Diffusion on Circles — Decstar's Blog

A tiny DDPM trained on sklearn's two concentric circles. This is a tiny diffusion model trained to predict noise that generate circles. Live demo below, note that it may take some time to generate the circles and animation.

Live demo

Press Generate to draw fresh samples from random noise. The animation plays the 100 reverse-diffusion steps in order — chaos at the top, clean rings at the bottom.

Code

import torch
import torch.nn as nn
import torch.optim as optim
import math
import numpy as np

from sklearn.datasets import make_circles

samples = 2000
noisy_circles_x, noisy_circles_y = make_circles(n_samples=samples, noise=0.05, random_state=6)
scaled_circles_x = (noisy_circles_x - np.mean(noisy_circles_x, axis=0)) / np.std(noisy_circles_x, axis=0)

beta_start    = 1e-4
beta_end      = 0.02
t_max_steps   = 100

def f_beta(i):
    return beta_start + (beta_end - beta_start) * (i / (t_max_steps - 1))

def f_alpha(i):
    return 1 - f_beta(i)

class TinyDiffusionAutocoder(nn.Module):
    def __init__(self):
        super().__init__()
        self.embed  = nn.Embedding(t_max_steps, 8)
        self.ln1    = nn.Linear(2 + 8, 64)
        self.ln12_a = nn.ReLU()
        self.ln2    = nn.Linear(64, 64)
        self.ln23_a = nn.ReLU()
        self.ln3    = nn.Linear(64, 2)

    def forward(self, x):
        r, t = x
        em = self.embed(t)
        r = torch.cat([r, em], dim=-1)
        r = self.ln12_a(self.ln1(r))
        r = self.ln23_a(self.ln2(r))
        r = self.ln3(r)
        return r


model             = TinyDiffusionAutocoder()
circle_tensor     = torch.from_numpy(scaled_circles_x).float()
beta_tensor       = torch.tensor([f_beta(i)  for i in range(t_max_steps)], dtype=torch.float32)
alpha_tensor      = torch.tensor([f_alpha(i) for i in range(t_max_steps)], dtype=torch.float32)
alpha_prod_tensor = torch.cumprod(alpha_tensor, dim=0, dtype=float)

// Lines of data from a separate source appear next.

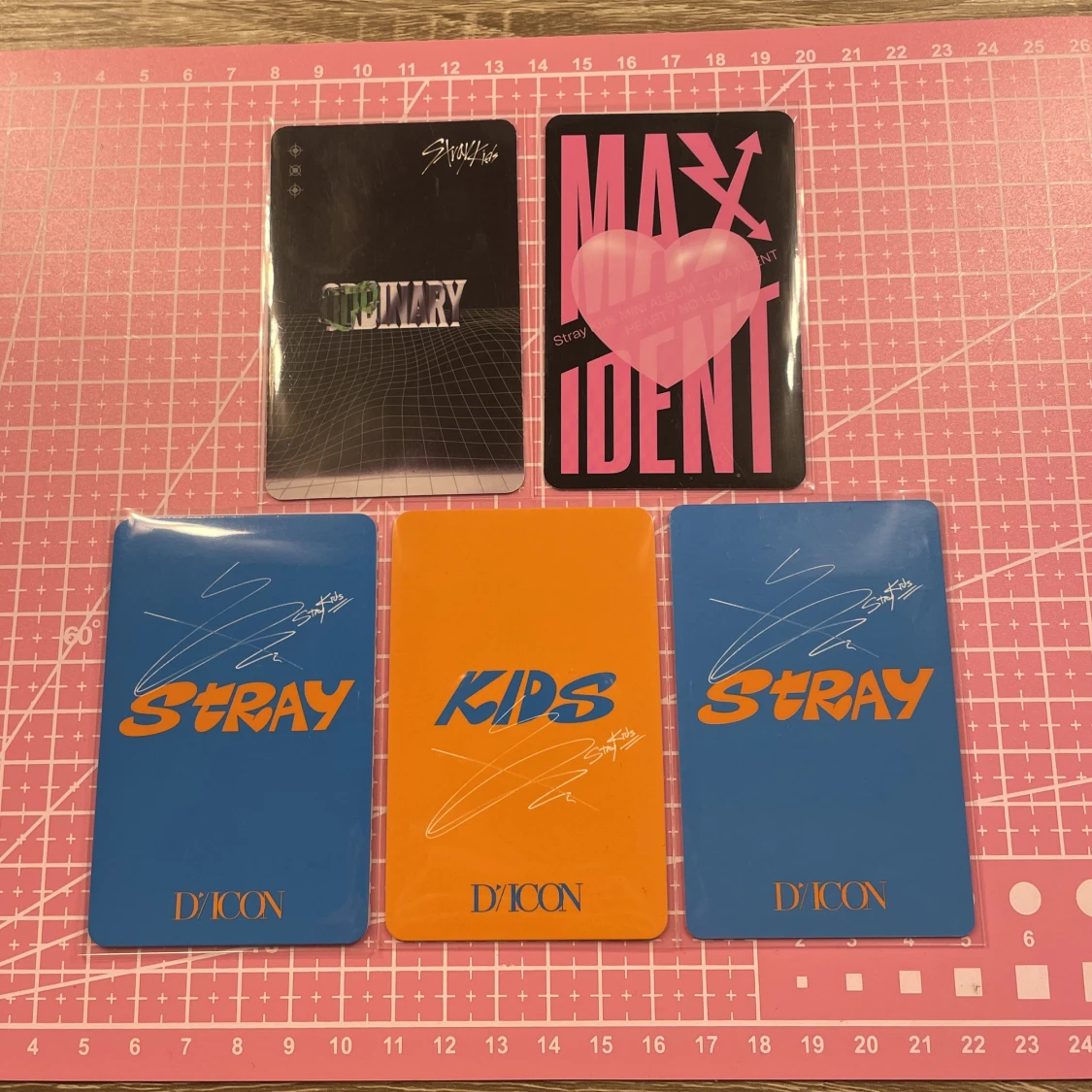 Straykids photocard - 90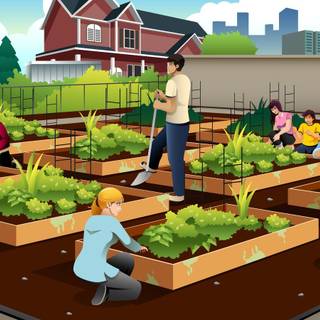 No farmers no food no future wallpaper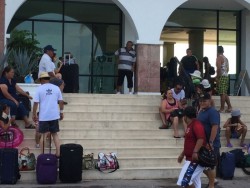 Turistas decididos a regresar a Mazatlán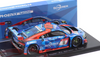 1/43 Spark 2021 Audi R8 LMS GT3 #11 24h Nürburgring Phoenix Racing GmbH Michele Beretta, Frank Stippler, Kim Luis Schramm, Nicki Thiim Car Model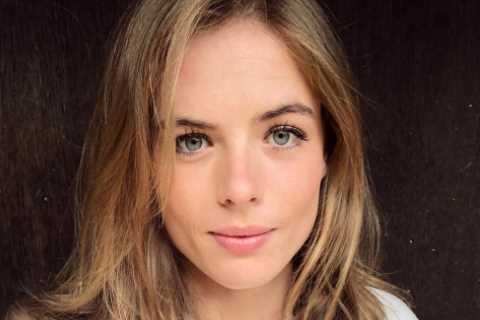 Meet Rosie Tapner, the stunning Vogue cover model turned Racing League star who’s a self-confessed..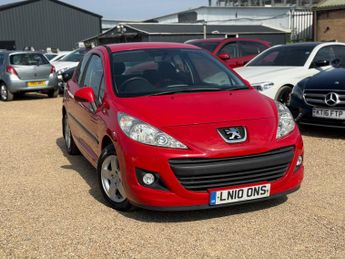Peugeot 207 1.4 HDi Verve Euro 4 3dr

optimizer         = optim.Adam(model.parameters(), lr=0.001)
loss_function     = nn.MSELoss()

batch_size = 500
assert circle_tensor.shape[0] % batch_size == 0


@torch.no_grad()
def sample_reverse(num_samples):
    model.eval()
    x_t = torch.randn(num_samples, 2)
    for t in reversed(range(t_max_steps)):
        t_en        = torch.full((num_samples,), t, dtype=torch.long)
        eps_hat     = model((x_t, t_en))
        alpha_t     = alpha_tensor[t]
        alpha_bar_t = alpha_prod_tensor[t]
        beta_t      = beta_tensor[t]

        # DDPM reverse mean
        term1 = 1.0 / torch.sqrt(alpha_t)
        term2 = (1.0 - alpha_t) / torch.sqrt(1.0 - alpha_bar_t)
        mu_t  = term1 * (x_t - term2 * eps_hat)

        if t > 0:
            z   = torch.randn_like(x_t)
            x_t = mu_t + torch.sqrt(beta_t) * z
        else:
            x_t = mu_t
    return x_t


for epoch in range(1000):
    model.train()
    training_loss, training_count = 0, 0
    for batch_index in range(0, circle_tensor.shape[0], batch_size):
        optimizer.zero_grad()
        circles     = circle_tensor[batch_index:batch_index + batch_size]
        e_noise     = torch.randn(batch_size, 2)
        t_en        = torch.randint(low=0, high=t_max_steps, size=(batch_size,), dtype=torch.long)
        alpha_bar_t = alpha_prod_tensor[t_en].unsqueeze(-1)
        x_t         = (torch.sqrt(alpha_bar_t) * circles +
                       torch.sqrt(1 - alpha_bar_t) * e_noise).float()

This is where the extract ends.